A common criticism of solar power is that ground-mounted arrays take land out of use for the duration of a system’s lifespan. Also, much of the flat land is taken from agriculture use. The land in and around cities is densely populated. Finding room for solar is getting more and more difficult. One solution: Put it on water bodies!
It is pertinent to mention here that the rooftops and ground are no longer the only places where solar can be installed – water bodies are a viable choice too and the so-called “Floatovoltaics” or “FPV” come to the rescue. The NREL released a report in December 2018 that found floating solar arrays could account for 10% of the nation’s energy needs if they were installed on just a quarter of the man-made lakes and ponds in the United States. The same NREL found that nearly 24,419 human-made water bodies in the United States are suitable for FPV development.

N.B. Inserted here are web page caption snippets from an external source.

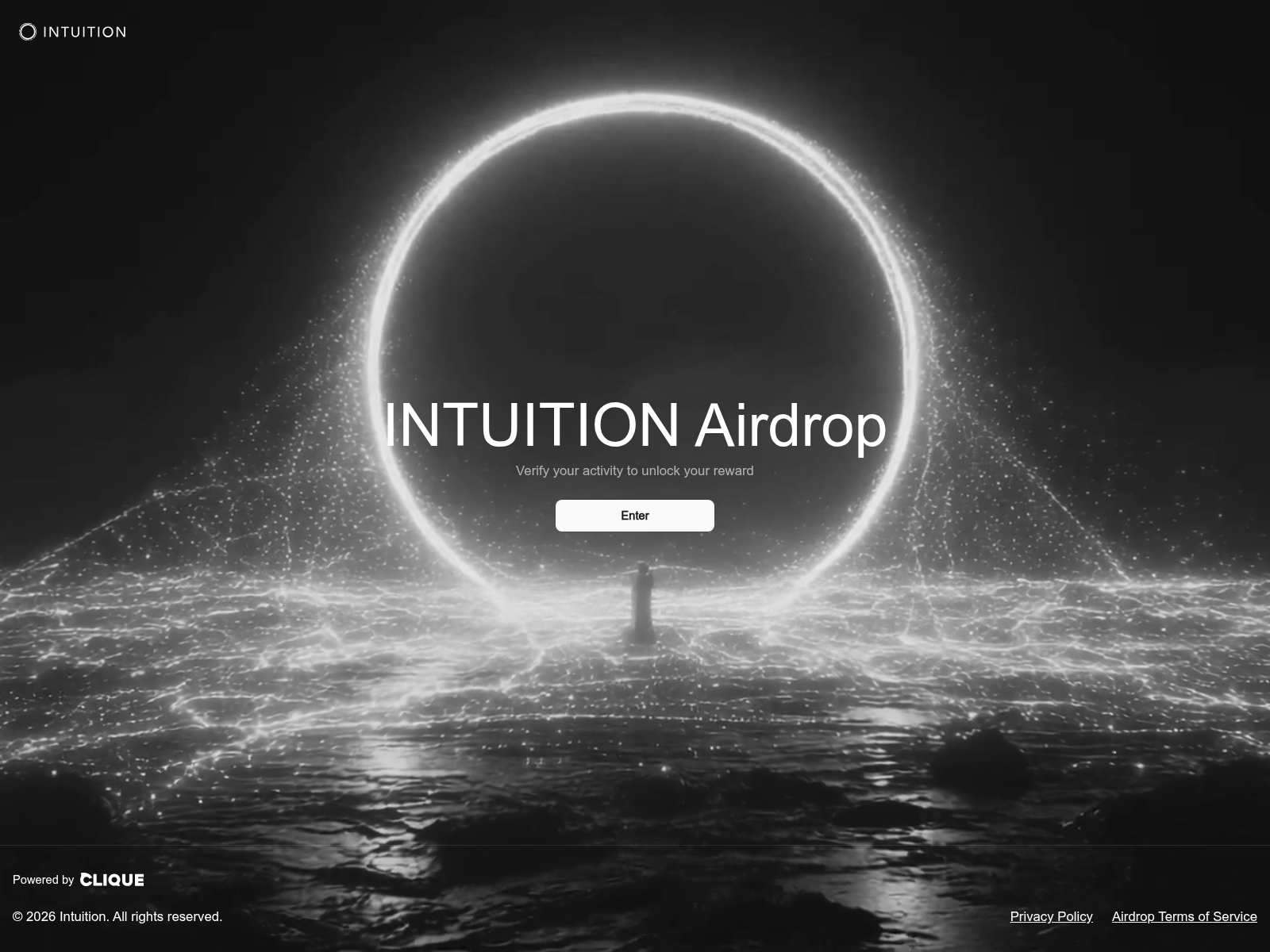 Screenshot of intuition-reward.xyz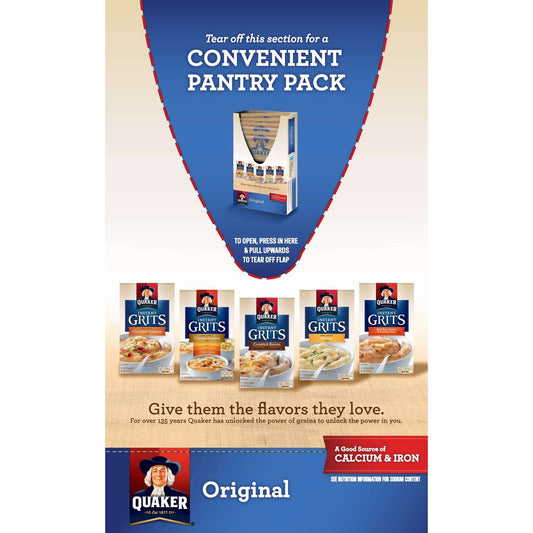 Quaker Instant Grits Original 280g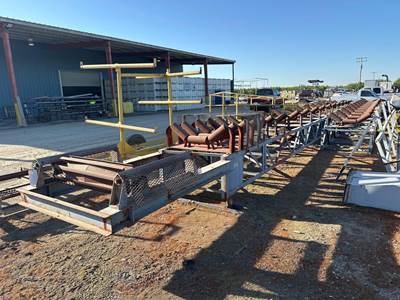 Spaulding 36X105 Conveyor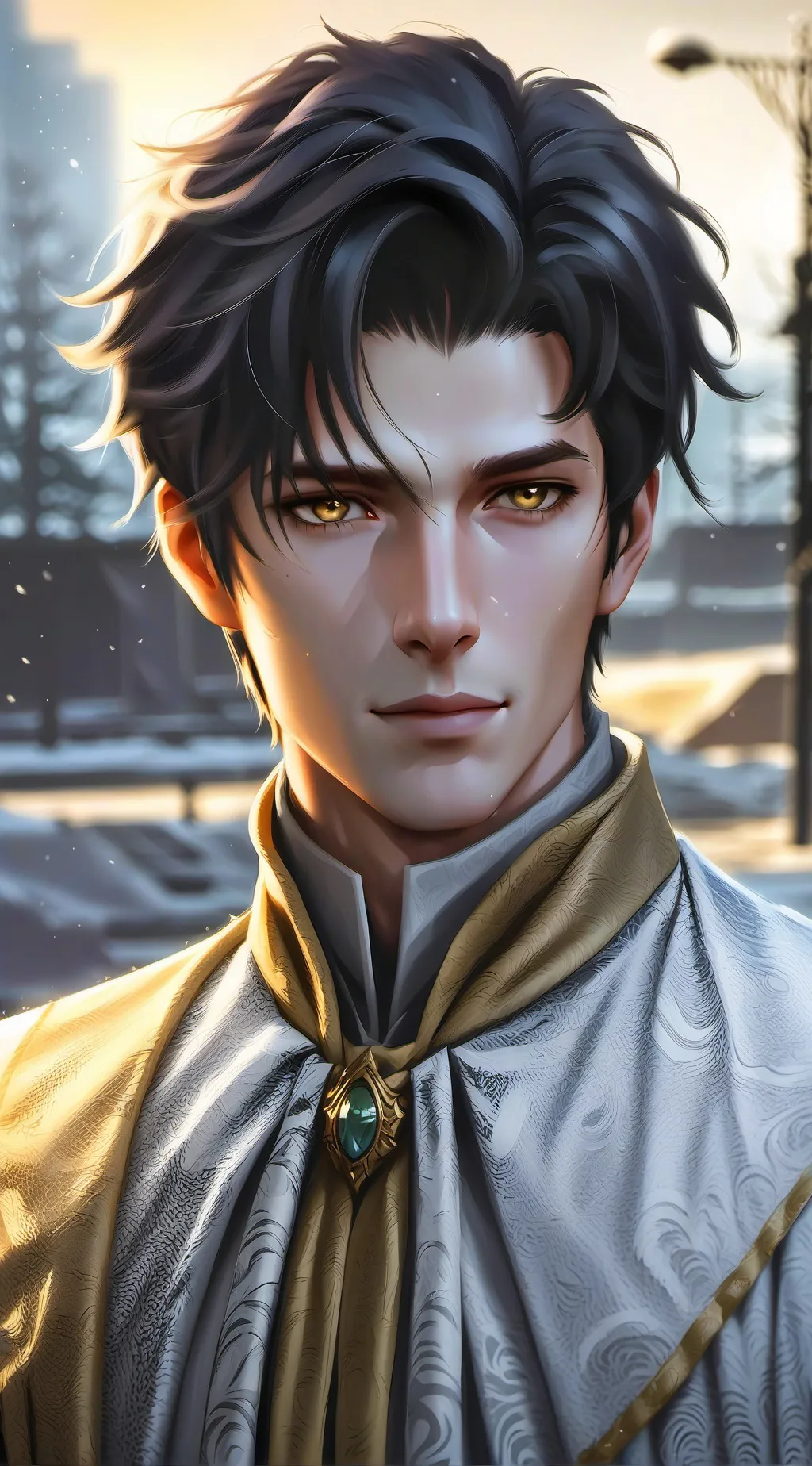 ai character: Michael background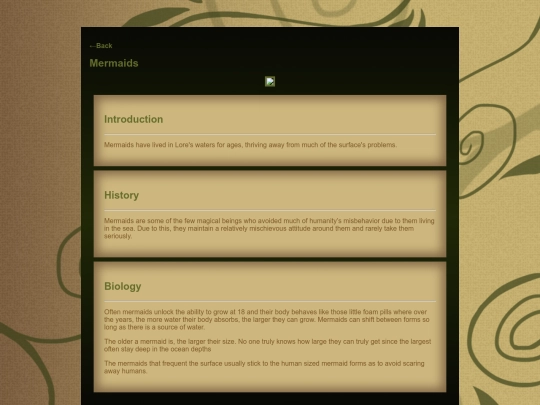 storylist/beanstalked/mermaids screenshot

What is a floating solar system?
A floating solar system is an evolving technology in which solar panels are placed directly on top of a floating platform on a body of water rather than on land or on a building rooftop. Floating solar systems are gaining traction across the world. A recent market research report by Technavio predicts that the floating solar market will grow at a compound annual growth rate of over 31% from 2018-2022. 52% of the growth will come from the Americas. The U.S. had only seven floating arrays in 2017, but they are now starting to gain momentum.